Track citations with provenance

Build a CitationRecord from retrieval hits and render it as markdown in four steps.

from datetime import datetime, timezone
from attune_rag.provenance import build_citation_record, format_citations_markdown

record = build_citation_record(
    query="What is the return policy?",
    hits=retrieval_hits,          # iterable of RetrievalHit objects
    retriever_name="dense-v1",
    retrieved_at=datetime.now(timezone.utc),
)
print(format_citations_markdown(record))

Prerequisites

The project is cloned and installed locally.
You have a list of RetrievalHit objects from a RAG pipeline run.

Steps

Build a citation record. Call build_citation_record() with your query, hits, retriever name, and retrieval timestamp. Each hit becomes a CitedSource stored in record.hits. By default, excerpts are truncated to 200 characters; pass excerpt_chars to change that.

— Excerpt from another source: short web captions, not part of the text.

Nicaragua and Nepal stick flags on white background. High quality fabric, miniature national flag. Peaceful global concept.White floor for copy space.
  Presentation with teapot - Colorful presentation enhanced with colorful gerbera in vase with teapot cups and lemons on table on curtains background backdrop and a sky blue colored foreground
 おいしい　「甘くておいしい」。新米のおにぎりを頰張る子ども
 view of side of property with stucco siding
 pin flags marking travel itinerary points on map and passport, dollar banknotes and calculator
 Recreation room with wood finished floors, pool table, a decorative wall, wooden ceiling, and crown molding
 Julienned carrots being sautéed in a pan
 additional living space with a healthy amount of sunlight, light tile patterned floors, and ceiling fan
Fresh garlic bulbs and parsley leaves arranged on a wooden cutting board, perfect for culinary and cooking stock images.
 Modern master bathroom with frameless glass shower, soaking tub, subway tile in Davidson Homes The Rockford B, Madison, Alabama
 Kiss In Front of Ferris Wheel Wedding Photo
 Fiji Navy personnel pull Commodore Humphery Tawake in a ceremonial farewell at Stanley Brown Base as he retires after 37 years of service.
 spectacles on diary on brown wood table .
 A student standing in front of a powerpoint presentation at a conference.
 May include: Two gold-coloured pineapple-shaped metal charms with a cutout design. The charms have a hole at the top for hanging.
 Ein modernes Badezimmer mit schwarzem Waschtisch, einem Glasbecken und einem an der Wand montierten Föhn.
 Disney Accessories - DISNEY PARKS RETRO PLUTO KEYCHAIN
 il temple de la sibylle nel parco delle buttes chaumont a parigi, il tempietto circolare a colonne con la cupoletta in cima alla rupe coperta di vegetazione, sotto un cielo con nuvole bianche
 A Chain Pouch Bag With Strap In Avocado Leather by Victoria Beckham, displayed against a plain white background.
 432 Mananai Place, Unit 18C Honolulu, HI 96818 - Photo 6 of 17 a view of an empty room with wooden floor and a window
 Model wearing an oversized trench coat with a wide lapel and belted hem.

Render the record as markdown. Pass the record to format_citations_markdown(). Supply base_url if you want source links to resolve to a hosted URL.

md = format_citations_markdown(record, base_url="https://docs.example.com")
print(md)

Expected output (shape):

## Sources

1. **policy/returns.md** (faq, score: 0.92)
   > Items may be returned within 30 days of purchase…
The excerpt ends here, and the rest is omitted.